15  Writing good code

15.1 Code style

Good coding style is like correct punctuation: you can manage without it, butitsuremakesthingseasiertoread.1

All of the following examples are taken from the Tidyverse style guide.

15.1.1 Object names

There are only two hard things in Computer Science: cache invalidation and naming things.

– Phil Karlton

Variable and function names should use only lowercase letters, numbers, and _. Use underscores (_) (so called snake case) to separate words within a name.

# Good
day_one
day_1

# Bad
DayOne
dayone

# Really bad
T <- FALSE
c <- 10
mean <- function(x) sum(x)

15.1.2 Spacing

Do not put spaces inside or outside parentheses for regular function calls.

# Good
mean(x, na.rm = TRUE)

# Bad
mean (x, na.rm = TRUE)
mean( x, na.rm = TRUE )

15.1.3 Infix operators

Most infix operators (==, +, -, <-, etc.) should always be surrounded by spaces:

# Good
height <- (feet * 12) + inches
mean(x, na.rm = TRUE)

# Bad
height<-feet*12+inches
mean(x, na.rm=TRUE)

Fun note: many languages have infixes that naturally change the meaning of a word. In English we have many prefixes and suffixes, for example, unhappy (“un” is the prefix) or hopeless (“less” is the suffix). There is only one infix in the English language: “friggin” (and its derivatives), as in: unfrigginbelievable.

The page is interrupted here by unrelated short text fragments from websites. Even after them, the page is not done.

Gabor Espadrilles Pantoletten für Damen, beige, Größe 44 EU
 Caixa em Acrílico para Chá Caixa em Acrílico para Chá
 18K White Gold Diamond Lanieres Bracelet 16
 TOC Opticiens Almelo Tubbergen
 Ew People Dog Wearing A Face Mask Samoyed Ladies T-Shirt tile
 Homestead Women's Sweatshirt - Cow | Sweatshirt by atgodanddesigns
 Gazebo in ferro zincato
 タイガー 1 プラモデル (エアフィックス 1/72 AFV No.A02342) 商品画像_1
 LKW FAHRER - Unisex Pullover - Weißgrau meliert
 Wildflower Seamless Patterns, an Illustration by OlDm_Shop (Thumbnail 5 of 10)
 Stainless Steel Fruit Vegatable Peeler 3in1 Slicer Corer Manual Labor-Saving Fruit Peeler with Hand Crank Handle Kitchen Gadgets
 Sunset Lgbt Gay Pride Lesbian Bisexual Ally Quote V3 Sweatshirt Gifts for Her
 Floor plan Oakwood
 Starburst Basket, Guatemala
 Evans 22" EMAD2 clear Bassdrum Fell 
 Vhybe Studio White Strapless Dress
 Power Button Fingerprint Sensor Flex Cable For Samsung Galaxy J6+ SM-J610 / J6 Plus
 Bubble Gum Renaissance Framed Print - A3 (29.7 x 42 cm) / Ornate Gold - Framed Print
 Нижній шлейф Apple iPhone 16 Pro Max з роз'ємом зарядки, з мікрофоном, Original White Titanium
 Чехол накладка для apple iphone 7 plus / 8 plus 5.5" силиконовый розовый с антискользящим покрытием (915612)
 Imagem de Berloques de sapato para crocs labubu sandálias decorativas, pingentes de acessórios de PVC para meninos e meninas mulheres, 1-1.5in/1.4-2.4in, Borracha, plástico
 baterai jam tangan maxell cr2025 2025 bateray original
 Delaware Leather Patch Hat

15.1.4 Long function calls

If a function call is too long to fit on a single line, use one line each for the function name, each argument, and the closing ). This makes the code easier to read and to change later.

# Good
do_something_very_complicated(
  something = "that",
  requires = many,
  arguments = "some of which may be long"
)

# Bad
do_something_very_complicated("that", requires, many, arguments,
                              "some of which may be long"
                              )

15.1.5 Long lines (piping)

If the arguments to a function don’t all fit on one line, put each argument on its own line and indent:2

# Good
iris |>
  summarise(
    Sepal.Length = mean(Sepal.Length),
    Sepal.Width = mean(Sepal.Width),
    .by = Species
  )

# Bad
iris |>
  summarise(Sepal.Length = mean(Sepal.Length), Sepal.Width = mean(Sepal.Width), .by = Species)

# Also bad
summarise(
  iris,
  Sepal.Length = mean(Sepal.Length),
  Sepal.Width = mean(Sepal.Width),
  .by = Species
)

15.1.6 Short lines (piping)

Sometimes it’s useful to include a short pipe as an argument to a function in a longer pipe. Carefully consider whether the code is more readable with a short inline pipe or if it’s better to move the code outside the pipe and give it an evocative name.

# Good
x |>
  semi_join(y |> filter(is_valid))

# Ok
x |>
  select(a, b, w) |>
  left_join(y |> select(a, b, v), join_by(a, b))

# Better
x_join <- x |> select(a, b, w)
y_join <- y |> select(a, b, v)
left_join(x_join, y_join, join_by(a, b))

15.1.7 Style

  • The point is that coding happens in community.
  • Not only do you want your code to run well, but you want other people to be able to understand it and use it.
  • The more that you and others use the same syntax, the better the communication will be.

15.2 Reflection questions

  • What are some of the general rules for writing clear code?

  • Give one reason why piping into a data verb is preferred to using the data frame as the first argument.

15.3 Ethics considerations

  • What could go wrong if your code style doesn’t match what is expected by your collaborator? Or if it is hard to read by your collaborator?

  • Why is good communication important in data science?


  1. https://style.tidyverse.org/↩︎

  2. The last one isn’t great because it is hard to distinguish the data frame from the other arguments (which play very different roles in the summarize() function).↩︎